Four forces that support our restaurants
Forces driving product development
Anticipate customer needs and always create “fresh” menus.
We constantly review our menus, because carrying the same menu will bore customers and cause them to move on. At Tsubohachi, we frequently update the lineup of menu items to encourage repeat customers and avoid getting into a rut. We revise our grand menu twice a year and introduce limited-time-only menus.
Forces driving restaurant development and planning
The first tip to thriving in the restaurant business is to know the neighborhood.
For a proposed restaurant site, our experts will prepare a business projection report using our own sales prediction system and marketing data for the area. If you haven’t yet found a candidate location, we can introduce you to some sites.
We will help you through every step in building a new restaurant, from designing the restaurant to planning an employee training program.
Forces driving food supply
We deliver food and ingredients quickly, while they are still fresh, by using the nationwide Tsubohachi-bin (delivery) network.
To ensure freshness and quality, Tsubohachi develops its own logistic systems.
We obtain food and ingredients by using economies of scale and ship them from our center to each restaurant daily in one batch. This system ensures traceability for food safety.

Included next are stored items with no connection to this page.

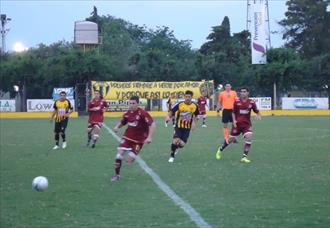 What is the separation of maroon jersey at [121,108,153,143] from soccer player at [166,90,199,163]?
117 inches

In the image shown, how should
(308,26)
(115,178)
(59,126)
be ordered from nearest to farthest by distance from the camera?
(115,178) < (59,126) < (308,26)

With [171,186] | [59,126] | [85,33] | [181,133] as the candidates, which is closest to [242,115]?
Result: [181,133]

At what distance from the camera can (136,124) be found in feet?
41.6

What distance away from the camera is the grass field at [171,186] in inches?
328

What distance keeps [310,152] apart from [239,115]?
3026 millimetres

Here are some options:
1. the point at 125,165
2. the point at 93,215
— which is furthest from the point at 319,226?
the point at 125,165

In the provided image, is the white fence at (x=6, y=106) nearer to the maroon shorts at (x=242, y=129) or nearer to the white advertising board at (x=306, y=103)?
the white advertising board at (x=306, y=103)

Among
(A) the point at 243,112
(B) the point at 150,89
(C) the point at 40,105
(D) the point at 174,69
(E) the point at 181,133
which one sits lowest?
(C) the point at 40,105

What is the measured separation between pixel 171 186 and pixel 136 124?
6.63ft

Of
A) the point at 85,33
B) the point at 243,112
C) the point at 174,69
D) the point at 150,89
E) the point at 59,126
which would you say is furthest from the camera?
the point at 85,33

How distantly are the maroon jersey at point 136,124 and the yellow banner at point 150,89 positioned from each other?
3919cm

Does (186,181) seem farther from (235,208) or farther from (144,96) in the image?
(144,96)

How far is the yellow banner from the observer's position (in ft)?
172

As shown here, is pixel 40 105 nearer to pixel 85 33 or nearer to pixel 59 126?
pixel 85 33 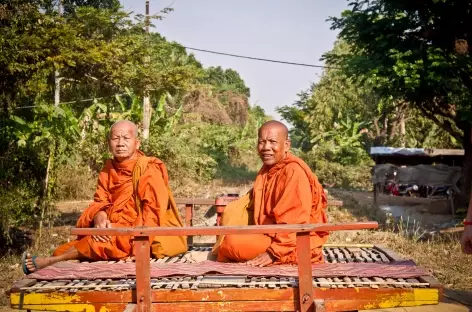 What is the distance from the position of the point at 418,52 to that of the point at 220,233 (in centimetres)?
1009

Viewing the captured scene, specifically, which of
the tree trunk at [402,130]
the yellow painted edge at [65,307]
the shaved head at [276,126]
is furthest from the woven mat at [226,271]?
the tree trunk at [402,130]

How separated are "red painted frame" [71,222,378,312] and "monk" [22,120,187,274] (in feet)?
4.57

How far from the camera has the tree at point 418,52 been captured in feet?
38.1

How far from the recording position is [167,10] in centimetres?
1872

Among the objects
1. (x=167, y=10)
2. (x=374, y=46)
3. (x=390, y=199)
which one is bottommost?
(x=390, y=199)

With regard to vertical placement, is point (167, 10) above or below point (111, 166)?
above

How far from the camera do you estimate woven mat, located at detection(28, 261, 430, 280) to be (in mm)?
3766

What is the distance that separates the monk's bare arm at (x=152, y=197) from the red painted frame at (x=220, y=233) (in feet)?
4.81

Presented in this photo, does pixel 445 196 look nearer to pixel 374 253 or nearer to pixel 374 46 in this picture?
pixel 374 46

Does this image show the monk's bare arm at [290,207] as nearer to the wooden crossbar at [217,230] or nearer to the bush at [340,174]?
the wooden crossbar at [217,230]

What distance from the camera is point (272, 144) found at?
4766mm

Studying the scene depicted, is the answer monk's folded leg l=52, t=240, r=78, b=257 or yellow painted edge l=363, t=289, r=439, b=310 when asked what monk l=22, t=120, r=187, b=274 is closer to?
monk's folded leg l=52, t=240, r=78, b=257

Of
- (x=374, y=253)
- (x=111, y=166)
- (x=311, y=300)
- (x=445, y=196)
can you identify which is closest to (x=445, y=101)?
(x=445, y=196)

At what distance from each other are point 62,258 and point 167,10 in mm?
15095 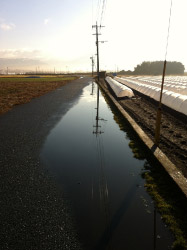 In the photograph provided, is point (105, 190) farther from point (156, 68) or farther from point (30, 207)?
point (156, 68)

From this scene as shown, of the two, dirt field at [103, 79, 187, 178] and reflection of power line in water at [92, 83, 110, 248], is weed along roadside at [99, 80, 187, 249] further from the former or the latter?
reflection of power line in water at [92, 83, 110, 248]

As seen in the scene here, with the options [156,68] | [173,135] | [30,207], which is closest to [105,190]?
[30,207]

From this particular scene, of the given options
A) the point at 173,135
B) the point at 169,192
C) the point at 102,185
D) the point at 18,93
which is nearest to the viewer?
the point at 169,192

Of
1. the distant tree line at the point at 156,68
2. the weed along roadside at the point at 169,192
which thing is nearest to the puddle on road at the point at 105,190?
the weed along roadside at the point at 169,192

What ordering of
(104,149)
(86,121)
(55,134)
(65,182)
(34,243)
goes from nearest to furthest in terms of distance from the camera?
(34,243), (65,182), (104,149), (55,134), (86,121)

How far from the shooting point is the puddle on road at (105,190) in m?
3.04

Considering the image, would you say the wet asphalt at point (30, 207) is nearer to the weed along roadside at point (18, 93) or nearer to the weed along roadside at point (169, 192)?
the weed along roadside at point (169, 192)

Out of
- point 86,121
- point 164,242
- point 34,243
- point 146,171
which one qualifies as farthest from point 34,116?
point 164,242

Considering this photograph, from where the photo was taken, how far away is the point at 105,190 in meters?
4.31

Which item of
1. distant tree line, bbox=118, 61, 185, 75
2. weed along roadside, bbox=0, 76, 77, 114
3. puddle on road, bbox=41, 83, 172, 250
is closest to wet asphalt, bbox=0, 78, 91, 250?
puddle on road, bbox=41, 83, 172, 250

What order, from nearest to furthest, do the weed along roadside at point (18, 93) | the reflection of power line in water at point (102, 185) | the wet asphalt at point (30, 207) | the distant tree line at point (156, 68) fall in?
the wet asphalt at point (30, 207) → the reflection of power line in water at point (102, 185) → the weed along roadside at point (18, 93) → the distant tree line at point (156, 68)

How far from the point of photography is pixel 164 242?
2930 mm

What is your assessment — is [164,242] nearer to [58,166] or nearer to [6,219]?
[6,219]

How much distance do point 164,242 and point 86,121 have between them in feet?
27.9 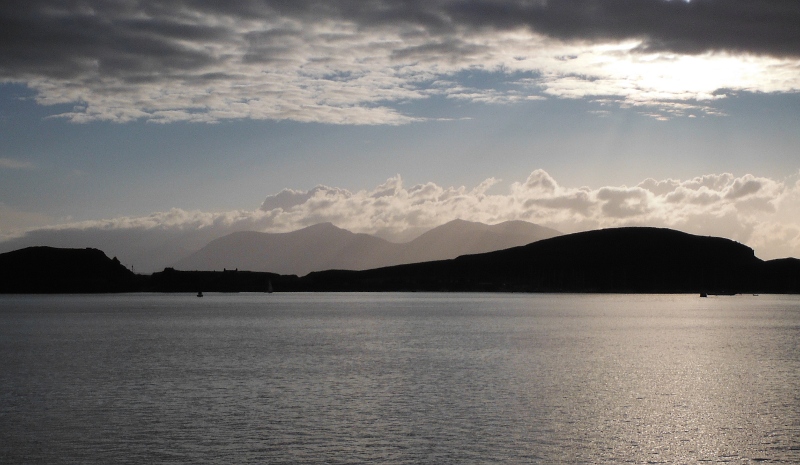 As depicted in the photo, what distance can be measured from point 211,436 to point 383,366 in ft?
91.1

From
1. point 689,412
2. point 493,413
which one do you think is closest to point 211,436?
point 493,413

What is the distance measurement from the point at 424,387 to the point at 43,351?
45840mm

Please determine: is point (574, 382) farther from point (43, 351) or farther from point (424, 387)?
point (43, 351)

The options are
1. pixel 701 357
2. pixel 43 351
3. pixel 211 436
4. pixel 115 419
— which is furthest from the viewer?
pixel 43 351

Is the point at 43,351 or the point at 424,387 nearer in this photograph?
the point at 424,387

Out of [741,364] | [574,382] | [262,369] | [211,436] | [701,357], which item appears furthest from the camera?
[701,357]

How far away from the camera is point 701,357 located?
70125 mm

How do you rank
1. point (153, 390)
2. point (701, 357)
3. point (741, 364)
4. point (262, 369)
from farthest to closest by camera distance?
point (701, 357), point (741, 364), point (262, 369), point (153, 390)

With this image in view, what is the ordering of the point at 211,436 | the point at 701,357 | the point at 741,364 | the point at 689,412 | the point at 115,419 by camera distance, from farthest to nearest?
1. the point at 701,357
2. the point at 741,364
3. the point at 689,412
4. the point at 115,419
5. the point at 211,436

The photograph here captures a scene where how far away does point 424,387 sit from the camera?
48.3 metres

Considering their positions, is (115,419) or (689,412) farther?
(689,412)

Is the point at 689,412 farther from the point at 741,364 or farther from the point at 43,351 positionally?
the point at 43,351

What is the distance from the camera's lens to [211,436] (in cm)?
3353

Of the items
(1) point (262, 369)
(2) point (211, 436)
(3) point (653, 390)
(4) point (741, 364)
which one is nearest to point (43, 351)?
(1) point (262, 369)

Forces driving management guidance
Tsubohachi provides management guidance in various ways to help you achieve stable business operations
Of course, Tsubohachi provides a complete support system after you open your restaurant.
To maintain the high quality of food and services, we offer periodic guidance sessions and food preparation courses, as well as store manager training sessions. We guide you to elevate your overall restaurant performance by helping you to increase your management skills and your staff’s working skills, improve customer satisfaction levels, and boost your restaurant sales.
Our franchise brands
Delivering Nature’s bounty … Tsubohachi
Tsubohachi, the “authentic izakaya,” is known for its red logo. Located mainly in city centers or in front of stations, our restaurants create a delightful eating-out environment that’s perfect for a nightly get-together for businesspeople wanting to relax or for young people wanting to socialize.
We also propose elaborate ideas for new restaurants that match the characteristics of each location.
Dining Table Akanedoki
Akanedoki means “evening at twilight.”
As its name suggests, the restaurant is decorated in the orange shades of sunset. With the right combination of prestige and ordinariness, the concept of this new izakaya is “Home”—where customers can casually stop by after work.
We offer three distinct spaces—“Living room”, “Kura (traditional storehouse)”, and “Okunoma (backroom)”—and serve customers homely dishes at a reasonable price.
Horumon is now recognized as one of Japan’s most popular cuisines. We are very particular about its freshness, as this is the most important thing about horumon. We liaise with a leading horumon distributor to make sure we get the freshest, highest quality horumon.
In contrast, for regular cuts of meat (shoniku), we use carefully selected mature, aged meat, focusing on its umami (savory) taste.
The menu can be tailored to the local food culture. Itokacho is a yakiniku (grilled-meat) restaurant that offers a variety of tastes to satisfy a wide range of customers.
Shinpachi, a small izakaya bar with counter seats, carries a lively and cheerful atmosphere. Because the small floor area means that a relatively small investment is required, it is easy to become a franchisee as either an individual or a corporation.
Along with our popular menu items “Beef tongue” and shinkoyaki (grilled half chicken),” which are also available for take-out, we offer various locally produced foods. Our goal is for the izakaya bar to be loved by locals.